I am a bit struggling with one of the many definitions of orientability. In what follows $M$ will always denote a smooth, connected manifold, $T_{m}M$ will be the tangent space at $m$, $\mathcal{B}_{m}$ will be the set of ordered bases of $T_{m}M$, i.e. $$\mathcal{B}_{m}:=\{(v_{1},\ldots,v_{n})\in (T_{m}M)^{n};\operatorname{span}_{\mathbb{R}}\{v_{1},\ldots,v_{n}\}=T_{m}M\}$$$\sim_{m}$ will denote the equivalence relation on $\mathcal{B}_{m}$ obtained by $v\sim_{m}w:\Leftrightarrow \det(A(v,w))>0$, where $v=(v_{1},\ldots,v_{n})$ and $w=(w_{1},\ldots,w_{n})$ are elements in $\mathcal{B}_{m}$ and $A(v,w)$ is the unique element in $\operatorname{GL}(T_{m}M)$ satisfying $A(v,w)v_{i}=w_{i}$ for all $1\leq i\leq n$. Finally $\Lambda_{n}(T_{m}M)$ denotes the space of alternating $n$-forms on $T_{m}M$ and $\Lambda_{n}^{\ast}(M):=\bigcup_{m\in M}\{m\}\times\Lambda_{n}(T_{m}M)$. I have topologized $\Lambda_{n}^{\ast}(M)$ by requiring that if $(U,\rho)$ is a chart in the maximal atlas on $M$, then the map $\tilde{\rho}:\tilde{U}\to\mathbb{R}^{n+1}$ is smooth, where: $$\tilde{U}:=\bigcup_{m\in U}\Lambda_{n}(T_{m}M) \text{ and }\tilde{\rho}(m,\omega):=\left(\rho(m),\omega\left(\frac{\partial}{\partial x_{1}}\bigg|_{m},\ldots,\frac{\partial}{\partial x_{n}}\bigg|_{m}\right)\right)$$ Indeed the image of $\tilde{\rho}$ is open in $\mathbb{R}^{n+1}$ and so on. The main goal is to put more sense into the following statement:
Definition
M is orientable iff $\Lambda_{n}^{\ast}(M)\setminus N$ has two connected components, where $N$ is the range of the map $\omega:M\to\Lambda_{n}^{*}(M): \omega(m):=(m,0)$.

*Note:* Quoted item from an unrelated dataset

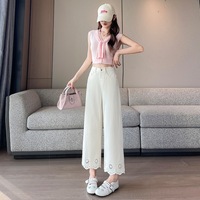 Celana Jeans Denim Crop Berenda Bordir Hollow-out Wanita Musim Gugur Awal Model Terbaru Modis Serbaguna Longgar Kaki Lurus Tinggi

I am struggling with the following statement:
Problem
$\Lambda_{n}^{\ast}(M)\setminus N$ has at most two components.
That is it has either one or two. I approached it by comparing different notions of orientability. So far I have managed to prove the following statement:
Theorem
Let $M$ be a smooth manifold and $\dim M=n$. Then the following are equivalent:
- There exists a smooth, no-where vanishing differential $n$-form on $M$
- There exists an atlas $\mathcal{A}$ on $M$ such that for all $(U,\rho),(V,\psi)\in\mathcal{A}$ holds $\det(\operatorname{d}_{m}(\rho\circ\psi^{-1}))>0$ for all $m\in U\cap V$.
- There exists a map $\epsilon:M\to\bigcup_{m\in M}\mathcal{B}_{m}/\sim_{m}$ and for all $m\in M$ there exists $U\subseteq M$ an open neighbourhood of $m$ and smooth vector fields $X_{1},\ldots,X_{n}$ on $U$ such that for all $p\in U$ holds $(X_{1}(p),\ldots,X_{n}(p))\in\epsilon(p)$.

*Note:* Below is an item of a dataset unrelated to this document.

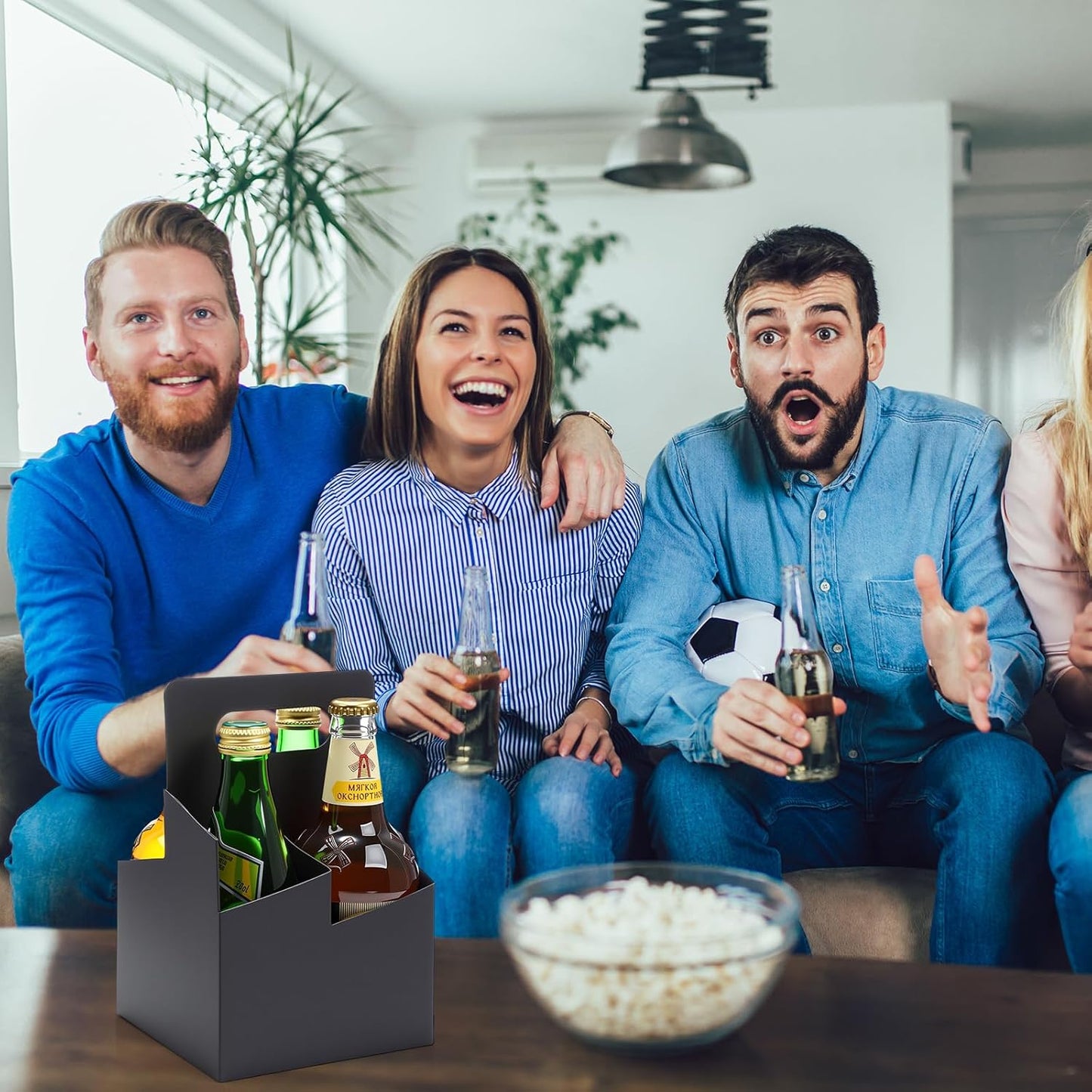 Jetec 4 Cup Drink Carrier with Handle, Kraft Paperboard Beer Carrier, Disposable Drink Holder for Hot or Cold Drinks, 12-16 oz Bottle Holder for Soda and Other Bottled Products(50 Pcs,Black)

- $\Lambda_{n}^{\ast}(M)\setminus N$ has two components.
This does not tell me why we have either one or two components (and definitely not more). I have no idea what to do (I even tried a direct proof).

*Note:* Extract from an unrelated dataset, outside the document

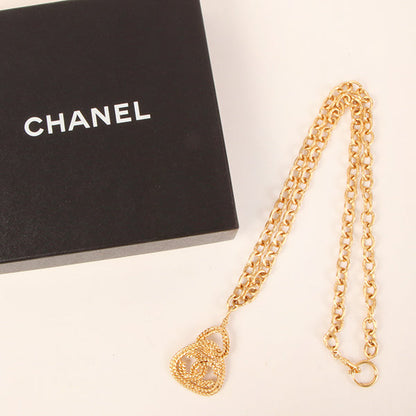 CHANEL 1993 Made Triangle Cc Mark Plate Necklace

Edit: It seems to me to be most promising to prove that non-3 implies that $\Lambda_{n}^{\ast}(M)$ has only one component, i.e. I would try to show that if for every $\epsilon:M\to\bigcup_{m\in M}\mathcal{B}_{m}/\sim_{m}$ there exists $m\in M$ such that for every open neighbourhood $m\in U\subseteq M$ and all smooth vector fields $X_{1},\ldots,X_{n}$ on $U$ satisfying $(X_{1}(p),\ldots,X_{n}(p))\in\mathcal{B}_{p}$ for all $p\in U$ we can find $p,q\in U$ such that $(X_{1}(p),\ldots,X_{n}(p))\in\epsilon(p)$ and $(X_{1}(q),\ldots,X_{n}(q))\not\in\epsilon(q)$, then $\Lambda_{n}^{\ast}(M)\setminus N$ has one component. What do you think of this? Is this feasible?
Thank you so much
Manuel